Flat White

Good schools need more than money: parents

4 December 2019

1:00 PM

4 December 2019

1:00 PM

Parents are generally satisfied with how much money their child’s school has, but they don’t agree with how it is spent. If that sounds familiar it’s because it echoes what the CIS has been arguing for years.

The results of a national survey of more than 1,000 parents (relating to 1,394 children) — revealed in the CIS policy paper: What Do Parents Want from Schools? — show that 88 per cent of parents believe their child’s school has enough or more than enough funding. This includes 86 per cent of parents with a child in a government school.

This cuts against the dominant education policy discourse — driven by the union movement and progressive educationalists — which both major parties have swallowed hook, line and sinker.

It is already clear that huge increases in public funding aren’t delivering educational improvements. This new research also shows that it is also not what parents want either.

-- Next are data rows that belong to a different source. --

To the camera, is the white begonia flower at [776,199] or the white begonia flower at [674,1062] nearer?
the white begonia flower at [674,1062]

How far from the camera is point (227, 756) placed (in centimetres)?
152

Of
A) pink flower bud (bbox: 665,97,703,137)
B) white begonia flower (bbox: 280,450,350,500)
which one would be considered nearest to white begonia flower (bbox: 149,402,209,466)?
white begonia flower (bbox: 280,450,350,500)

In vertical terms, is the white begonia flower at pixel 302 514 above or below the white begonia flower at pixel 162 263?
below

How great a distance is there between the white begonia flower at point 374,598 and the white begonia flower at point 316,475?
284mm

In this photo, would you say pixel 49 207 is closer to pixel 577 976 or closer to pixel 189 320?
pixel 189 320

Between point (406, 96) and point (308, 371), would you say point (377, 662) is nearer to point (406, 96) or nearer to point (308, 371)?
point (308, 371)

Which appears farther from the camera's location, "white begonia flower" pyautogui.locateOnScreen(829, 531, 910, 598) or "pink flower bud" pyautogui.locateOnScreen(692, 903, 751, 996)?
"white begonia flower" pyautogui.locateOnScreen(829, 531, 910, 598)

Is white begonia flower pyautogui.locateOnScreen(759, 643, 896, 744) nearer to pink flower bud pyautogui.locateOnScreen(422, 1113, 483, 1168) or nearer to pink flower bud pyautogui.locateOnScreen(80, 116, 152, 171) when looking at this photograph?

The unions have rallied — and largely won — for money to be spent on endlessly reducing classroom sizes (presumably unsatisfied until we are practically educating one-to-one), increasing teachers’ pay (presumably until it’s in line with doctors), and amassing an army of support staff in schools.

In contrast to these priorities, parents say that they want to see better facilities and more extra-curricular activities offered at their chosen schools. This could be because funding for capital works is around one-eleventh of that of the spending on staffing. And extra-curriculars are generally paid for out of parents’ own pockets and in their own time.

The research also found that a considerable proportion of parents regret their choice of a school for their children, with around 40% saying they either would not choose the same school again or were unsure if they would.

This means that around 1.6 million students are enrolled in a school that their parents aren’t happy with. However, some appear to be happier than others.

Unsurprisingly, those that felt limited in their choice — around two-thirds of surveyed parents — are less satisfied with the school their child is in.

Those that chose a non-government school, for instance, appear to be happier with their choice. This appears to be linked with findings of higher levels of confidence in how funding is being used in non-government schools, compared to their government school peers.

And parents who sought independent sources of information to help with their choice of school — like meeting with school staff, visiting school websites, and checking the MySchool website — are more likely to be happier with their choice. As the old adage goes, more informed shoppers are happier shoppers.

When it comes to school funding and school choice, this research is a poor report card on policymakers in state and federal government. It’s past time for governments to listen to the message that parents want to see a spending shakeup and that more choice is indispensable to educational improvements.

Glenn Fahey is a research fellow in the education program at The Centre for Independent Studies.